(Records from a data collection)
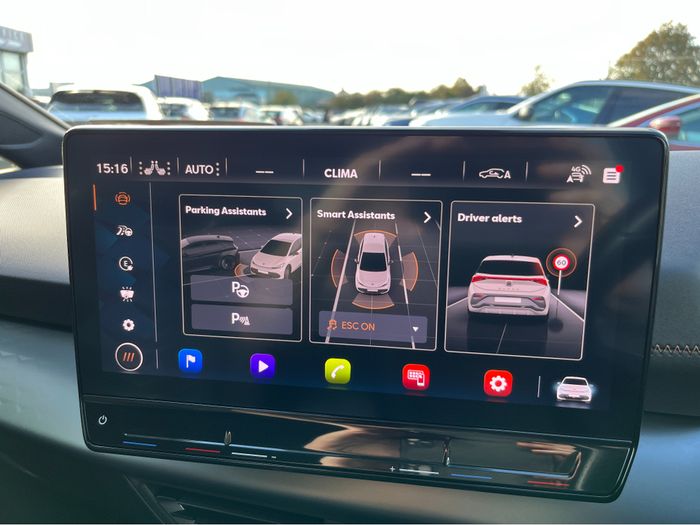 Cupra Born 2023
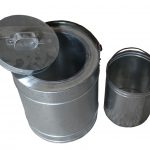 فلاسک حمل آسفالت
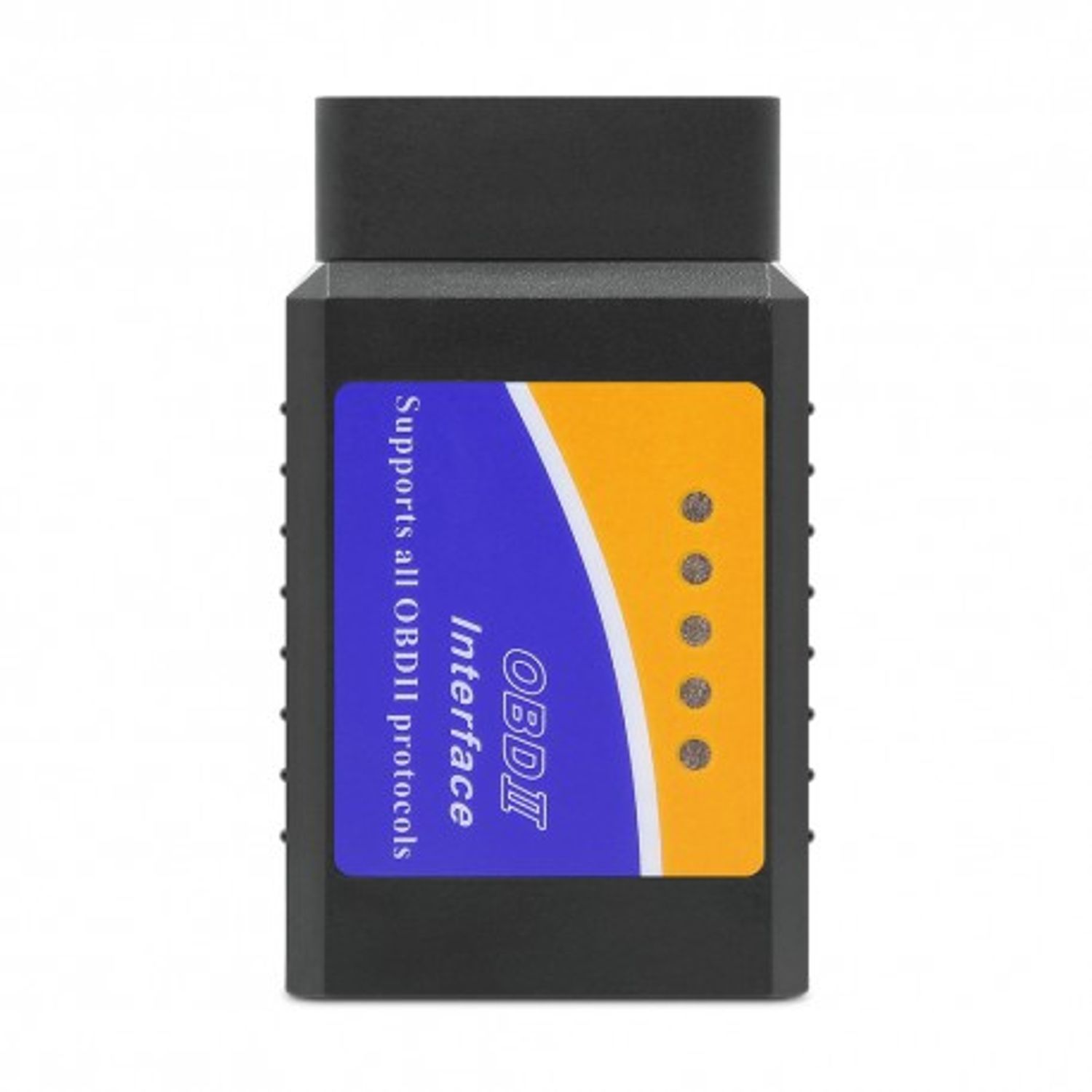 Interfata Diagnoza Techstar&reg;, OBD2, Bluetooth 4.0, cu CIP ELM327 V1.5 fotografia produsului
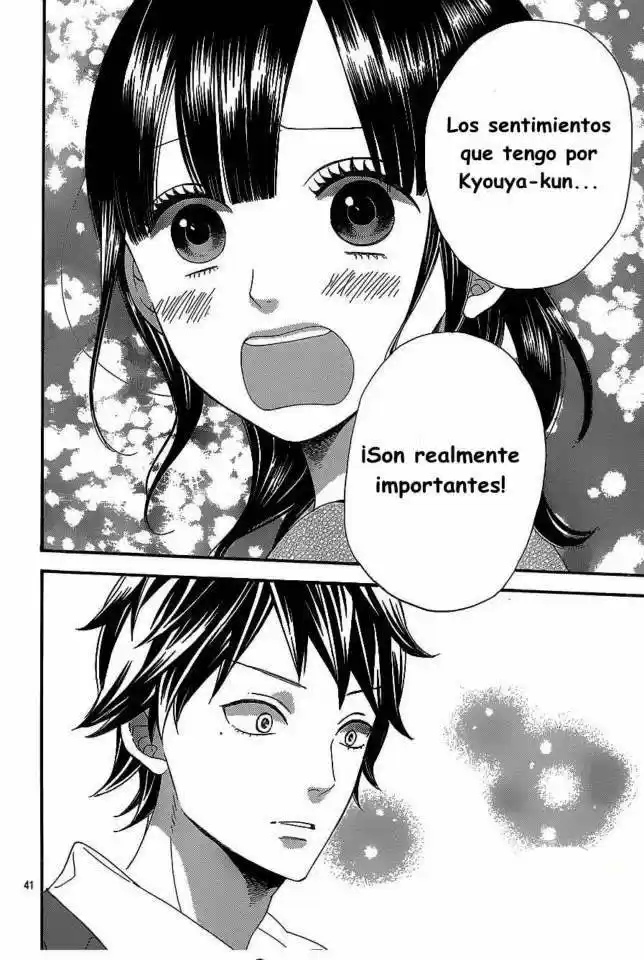 Ookami Shoujo to Kuro Ouji (2011) - Capítulo 42 - Página 46 - LectorTMOo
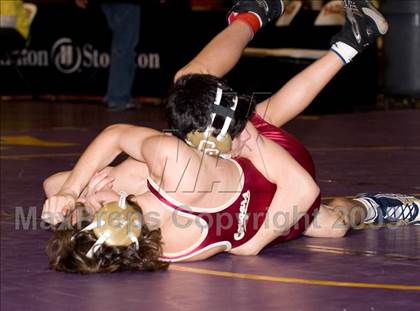 Thumbnail 3 in CIF SJS Masters Championships (Day 1 - Round 1) photogallery.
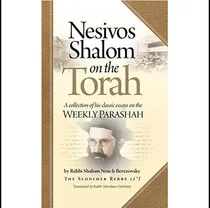 Comprar Libro: Nesivos Shalom Sobre La Torá: Una Colección Suya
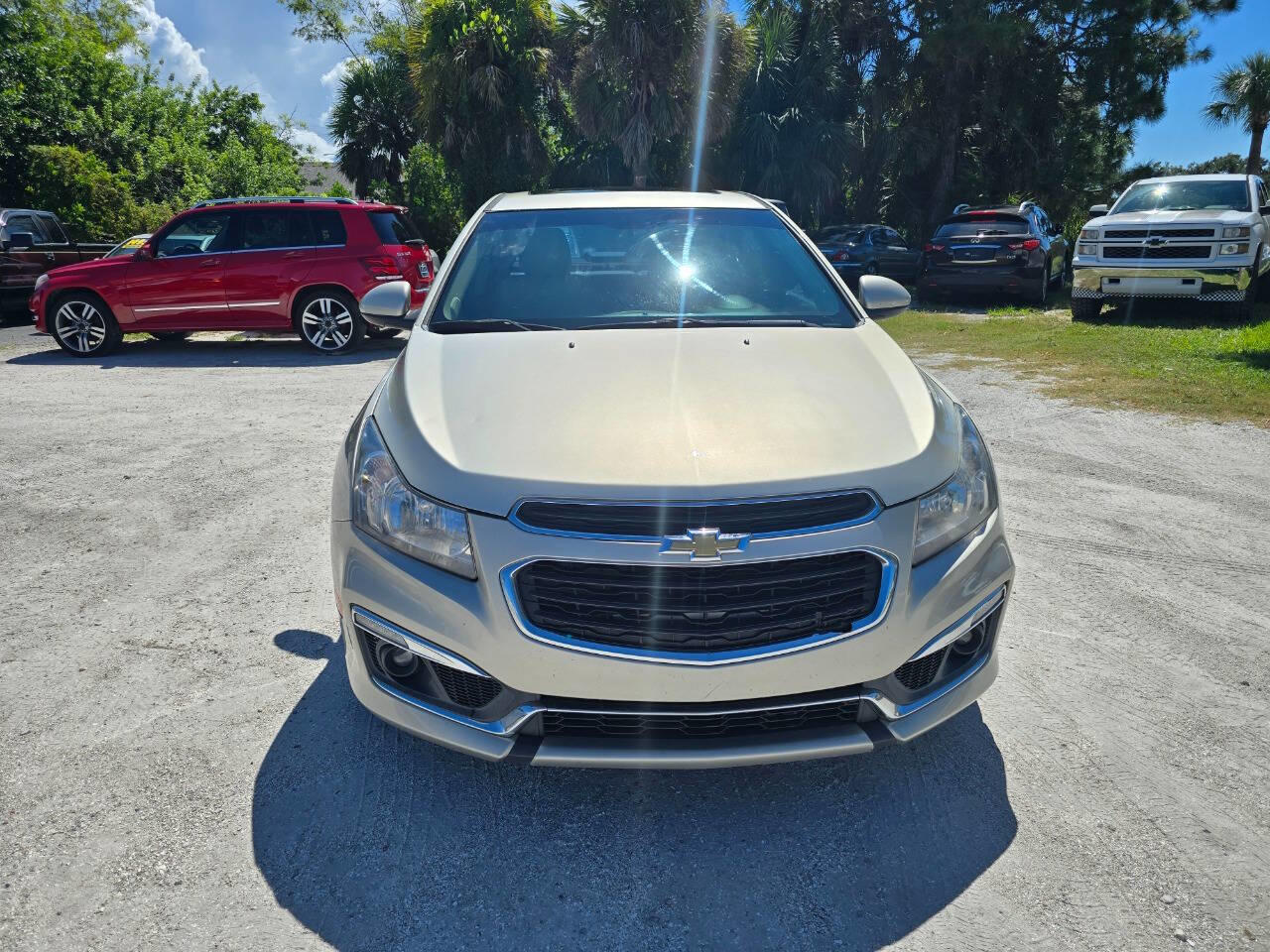 vehicle info here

= Problem details =
Your answer must be an exact copy of the entries above, with no pictures in it.

= Response to this task =
 Cupra Born 2023
 فلاسک حمل آسفالت
 Interfata Diagnoza Techstar&reg;, OBD2, Bluetooth 4.0, cu CIP ELM327 V1.5 fotografia produsului
 Ookami Shoujo to Kuro Ouji (2011) - Capítulo 42 - Página 46 - LectorTMOo
 Thumbnail 3 in CIF SJS Masters Championships (Day 1 - Round 1) photogallery.
 Comprar Libro: Nesivos Shalom Sobre La Torá: Una Colección Suya
 vehicle info here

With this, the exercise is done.